The bar clientele were average to ugly looking. Partway through the contests two 20-something women came in and sat at a table next to us.  They were sitting mostly at my back on one side so I couldn't see them.  Marvin could and commented how attractive they looked.  They did look out of place.

Minnesota and Montana have banned smoking in all indoor places including bars.  North Dakota still allows smoking in bars and my clothes now stink of cigarette smoke.  Yuck.

After the trivia contests were over just before 9 pm many of the trivia regulars left and did not stay for karaoke later that evening.  I left also.

A few questions:
  1. What color are papaya seeds?
  2. In what city was the first All-star baseball game played?
  3. Battery Park is located on the south end of which island?
  4. What kind of hat did Bat Masterson wear?
  5. What island was invaded under the codename 'Operation Urgent Fury'?
  6. What is the plural of: basis?
  7. What 1984 movie about underdogs starred Robert Carradine and had the tag line "Their time has come!"?

The answers:
  1. Black
  2. Chicago
  3. Manhattan
  4. Derby
  5. Grenada
  6. bases
  7. Revenge of the Nerds

Sunday, January 10, 2010

No train

Guess I'll be staying in North Dakota a little while longer. Even though the temperatures since Saturday have now warmed up to the 20s above zero, Amtrak is being very conservative and are not restarting their trains until Tuesday.  I had a ticket for the train on Monday.  The local Amtrak agent told me I had to rebook my ticket.

Also, today my brother and I went to the grocery store to get a couple items.  Tons of people were there, the checkout lanes were filled, and most people had carts full of food.  Who goes grocery shopping at 5 pm on a Sunday?!

Saturday, January 09, 2010

Cold train

The temperature has again risen above zero degrees. Hurray!

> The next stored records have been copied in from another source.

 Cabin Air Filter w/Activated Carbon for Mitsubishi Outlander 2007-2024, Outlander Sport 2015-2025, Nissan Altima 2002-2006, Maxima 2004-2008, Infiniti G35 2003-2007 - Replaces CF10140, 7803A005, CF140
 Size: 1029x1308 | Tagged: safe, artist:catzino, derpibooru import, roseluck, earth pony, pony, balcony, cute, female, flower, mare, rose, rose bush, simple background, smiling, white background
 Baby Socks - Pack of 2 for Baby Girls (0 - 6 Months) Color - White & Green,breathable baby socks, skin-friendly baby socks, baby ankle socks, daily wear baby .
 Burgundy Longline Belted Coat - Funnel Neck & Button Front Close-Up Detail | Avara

The past few days the temperature has ranged from a high of minus 10 to a low of minus twenty-five degrees.  I haven't been outside for a few days now.  Not since the day I shoveled part of the driveway wearing wimpy gloves and almost froze my fingers.  You know your fingers got cold when they hurt as the blood starts moving again while the fingers warm back up.

The local news last night had a story about the Amtrak train stranded in Minot due to the cold.  The train seems to have arrived four hours late the previous evening and stopped here as the train's brakes had frozen in the cold weather across eastern Montana and North Dakota.  Eastern Montana had quite a number of towns with temperatures in the minus 30 to 40 below range.  The train passengers interviewed were not happy.  A few even decided to get off the train and fly the rest of the way home even though it was expensive to do so.

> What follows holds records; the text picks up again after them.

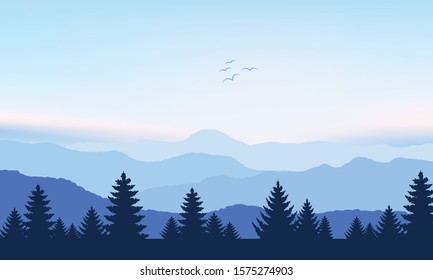 Blue nature backdrop. Mountain and tree with sunrise on sky. Vector landscape.
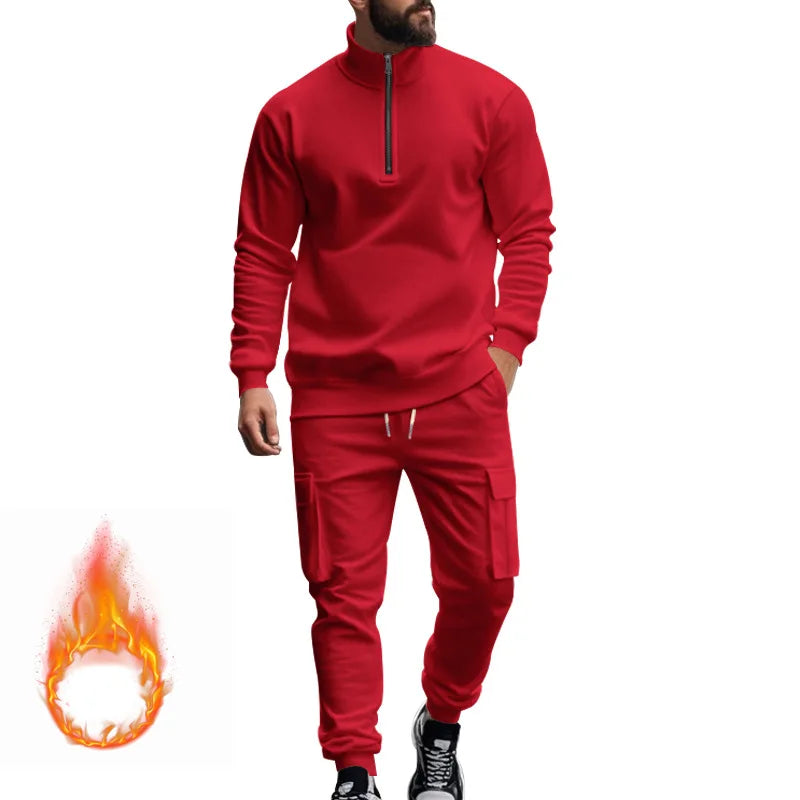 Men's Autumn/Winter Casual Semi-Zipped Pullover Loose Fleece Warm Sweatshirt And Sweatpants Available in 1/2 piece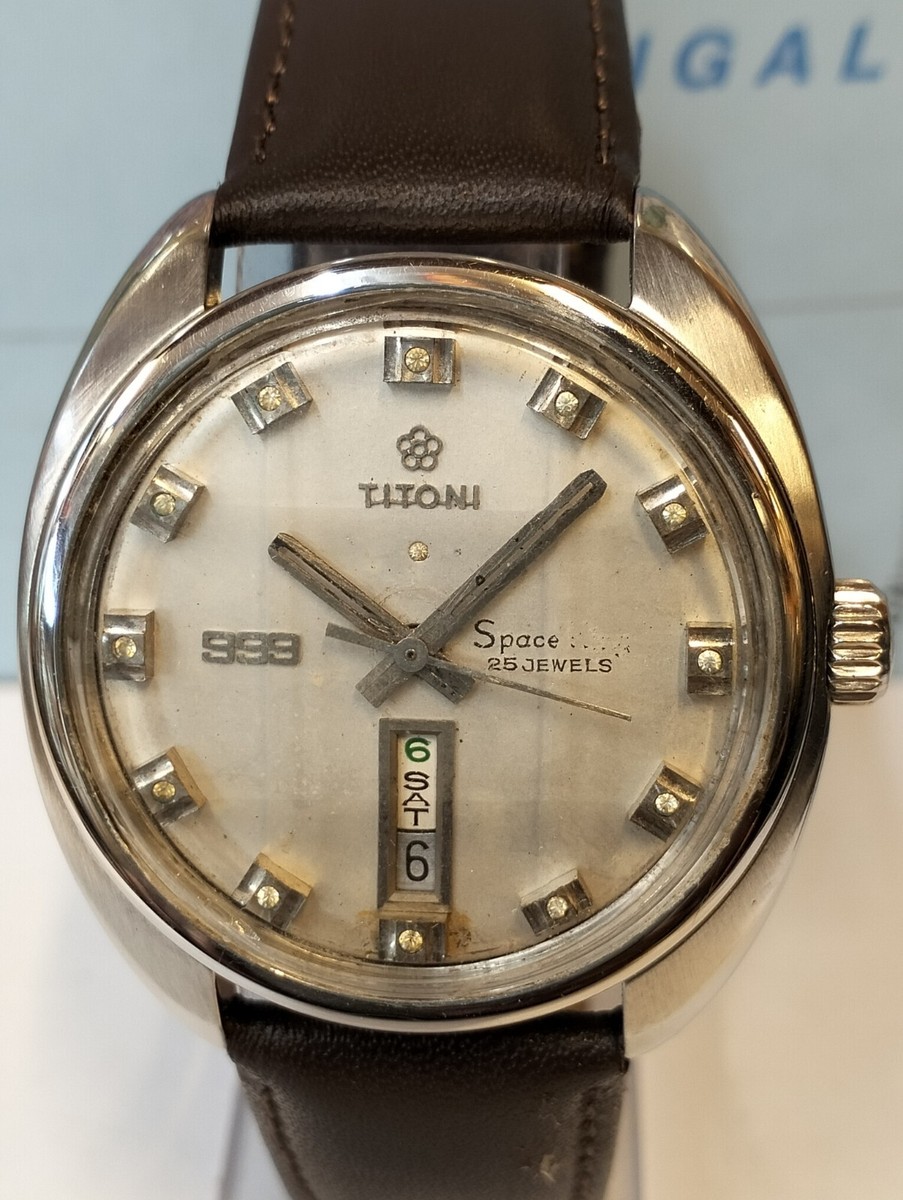 TITONI SPACE KING 999 AUTOMATIC PATINA SILVER DIAL SWISS MEN FULL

Oh yeah!  Global warming baby!
With air temperatures as cold as 33 below in Havre, MT on Thursday and wind chills of up to minus 52 through stretches of North Dakota, problems erupted with both rail equipment and the tracks themselves.

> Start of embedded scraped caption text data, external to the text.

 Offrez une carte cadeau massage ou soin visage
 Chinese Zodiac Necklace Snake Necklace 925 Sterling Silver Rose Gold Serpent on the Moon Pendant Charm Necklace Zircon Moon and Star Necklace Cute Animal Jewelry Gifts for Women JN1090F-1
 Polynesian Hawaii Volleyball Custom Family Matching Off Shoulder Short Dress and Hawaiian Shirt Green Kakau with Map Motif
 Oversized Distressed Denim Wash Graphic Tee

Amtrak did not run westbound trains from Chicago on Monday or Tuesday. The train ran on Wednesday, then was suspended from going any farther west than Minneapolis on Thursday. There was no service Friday or today.

On the eastbound route there was no service beyond Whitefish Thursday through today.

Even though the National Weather Service forecasts warmer weather along much of the Empire Builder route in the coming days, an Amtrak spokesman said he couldn’t predict what will happen.

It appears I made the journey from Minnesota to North Dakota just in time on Sunday before Amtrak stopped running trains.  I know on the train I did take the train attendants had left the doors under the bathroom sinks open in an effort to prevent their pipes from freezing.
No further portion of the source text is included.